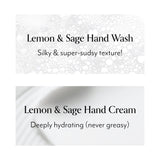 Lemon & Sage Happy Hands Cream & Wash Duo Textures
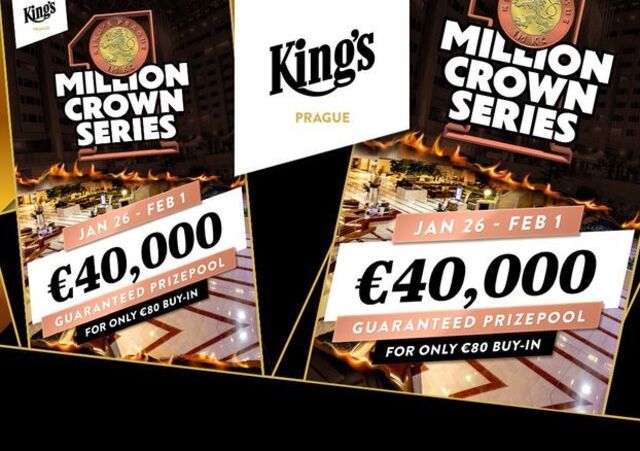 Hilton: Tento týden se v King's Prague bude hrát 1Million Crown Series €40K GTD
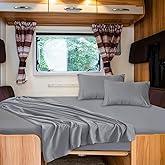SPRINGSPIRIT RV Queen Sheets, Super Soft RV Short Queen Sheets for RV Camper, 4 Piece Bed Sheets Set Deep Pockets, Extra Soft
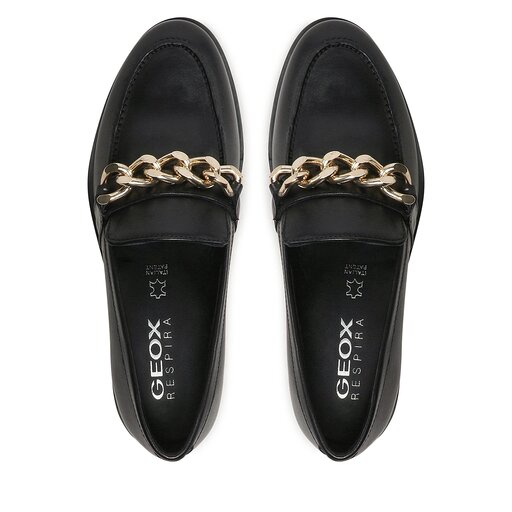 Loafers Geox Donna Brogue H D262UH 00043 C9999 Noir chaussures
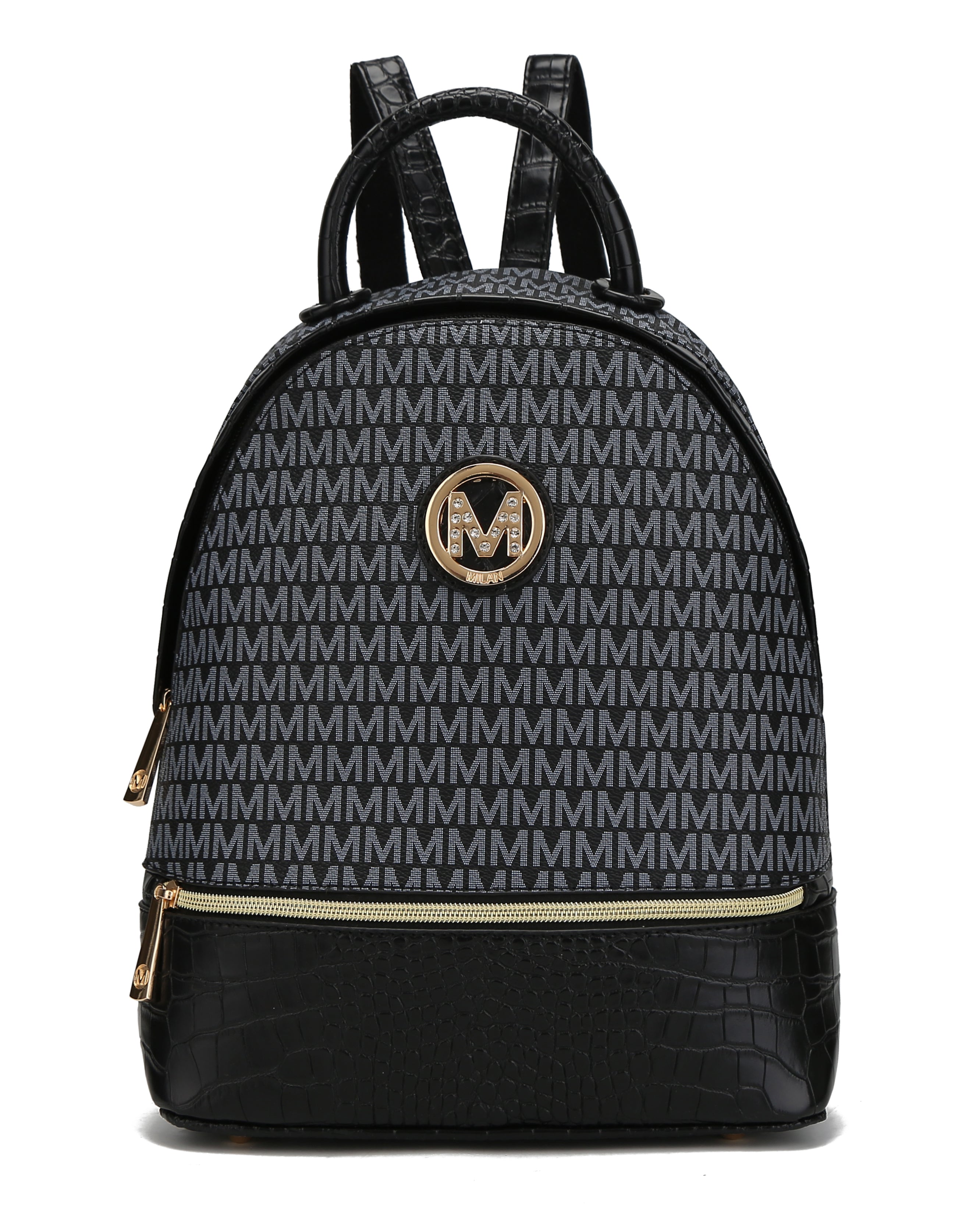  MKF Collection Denice Signature Backpack - Black - Bonton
......
● **YOUR ASSIGNMENT**
Leaving out the images, return the entries above exactly as they read.

● **WRITTEN ANSWER**
 Lemon & Sage Happy Hands Cream & Wash Duo Textures
 Hilton: Tento týden se v King's Prague bude hrát 1Million Crown Series €40K GTD
SPRINGSPIRIT RV Queen Sheets, Super Soft RV Short Queen Sheets for RV Camper, 4 Piece Bed Sheets Set Deep Pockets, Extra Soft
 Loafers Geox Donna Brogue H D262UH 00043 C9999 Noir chaussures
  MKF Collection Denice Signature Backpack - Black - Bonton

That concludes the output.